The rec_loss is Reconstruct Loss, which means how far decoded images from input image. I think we can use mean_squared_error instead of F.bernoulli_nll.
So I have changed my code like below.
rec_loss += F.mean_squared_error(x, self.decode(z)) / k
But after changing my code, the training result acts weird. Output images are same, which means output images do not depend on input images.
What is problem?
I asked this question in Japanese(https://ja.stackoverflow.com/questions/55477/chainer%E3%81%A7vae%E3%82%92%E4%BD%9C%E3%82%8B%E3%81%A8%E3%81%8D%E3%81%ABloss%E9%96%A2%E6%95%B0%E3%82%92bernoulli-nll%E3%81%A7%E3%81%AF%E3%81%AA%E3%81%8Fmse%E3%82%92%E4%BD%BF%E3%81%86%E3%81%A8%E5%AD%A6%E7%BF%92%E3%81%8C%E9%80%B2%E3%81%BE%E3%81%AA%E3%81%84).

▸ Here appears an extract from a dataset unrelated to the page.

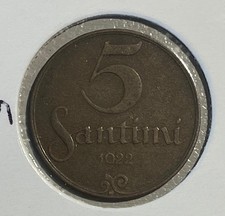 Lettland - 5 Santimi 1922 #3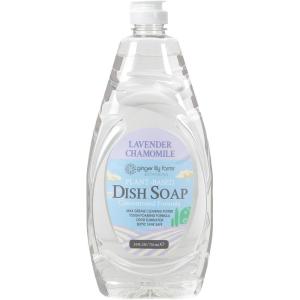 imageGinger Lily Farms Botanicals PlantBased Liquid Dish Soap Concentrated Formula with Max Grease Cleaning Power CrueltyFree Apple Pear Scent 24 Fl OzLavender Chamomile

But nobody has responsed it, so I submit this question here.
When I replace
rec_loss += F.mean_squared_error(x, self.decode(z)) / k
by
rec_loss += F.mean(F.sum((x - self.decode(z)) ** 2, axis=1))
, the problem has been solved.
But why?
They should be identical except for the fact that the latter code using F.mean(F.sum....
only averages along the minibatch axis (since it's already summed over the input data dimension, 784 in case of flattened MNIST), while the former averages over the minibatch axis and the input data dimension. This means that the the latter loss, in case of flattened MNIST, is 784 times larger? I'm assuming k
is 1
.